In the present embodiment, an adhesion layer 13 is provided between the insulating layers 11 and 12. The adhesion layer 13 is made of a metal material having high adhesion, such as chrome (Cr), titanium (Ti), tantalum (Ta), aluminum (Al), or nickel (Ni), an alloy containing one of these metals, or an oxide or a nitride thereof. The adhesion layer 13 is interposed between the insulating layers 11 and 12 to act to prevent peeling at the interface therebetween. These materials have higher adhesion to an inorganic or organic material than copper (Cu) constituting the conductor layers M1 to M5 and MM.
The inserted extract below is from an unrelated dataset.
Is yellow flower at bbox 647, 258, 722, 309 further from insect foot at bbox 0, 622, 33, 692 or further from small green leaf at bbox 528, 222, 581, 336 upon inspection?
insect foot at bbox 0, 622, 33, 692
The adhesion layer 13 is provided on the surface of the insulating layer 11 and extends so as to surround at least a partial area (hereinafter, sometimes referred to as “a first area”) of the insulating layer 11. In the specific example of FIG. 5, the adhesion layer 13 annularly extends along the outer periphery of the insulating layer 11 to form a center area 11A (first area) surrounded thereby. The conductor patterns included in the conductor layers M1 to M5 and MM are arranged on the center area 11A of the insulating layer 11 in a plan view. The insulating layer 12 is formed such that the edge thereof overlaps the adhesion layer 13. As a result, the insulating layer 12 does not directly contact the insulating layer 11 at its edge portion, and the adhesion layer 13 is interposed between the insulating layer 12 and the adhesion layer 11. As illustrated in FIG. 5, the edge position of the insulating layer 12 may be closer to the inner peripheral edge of the adhesion layer 13 than to the outer peripheral edge thereof.

The adhesion layer 13 may have a continuous annular structure as illustrated in FIG. 5 or may have an intermittent annular structure as illustrated in FIG. 6. That is, it is sufficient for the adhesion layer 13 to extend along the outer periphery of the insulating layer 11 so as to surround the center area 11A of the insulating layer 11. When slits are formed in the adhesion layer 13 to intermittently surround the center area 11A as illustrated in FIG. 6, the number of slits to be formed in the adhesion layer 13 is not particularly limited and may be two, four, eight, or sixteen or more.

FIG. 7 is a schematic plan view illustrating an example in which eight slits SL1 to SL8 are formed in the adhesion layer 13.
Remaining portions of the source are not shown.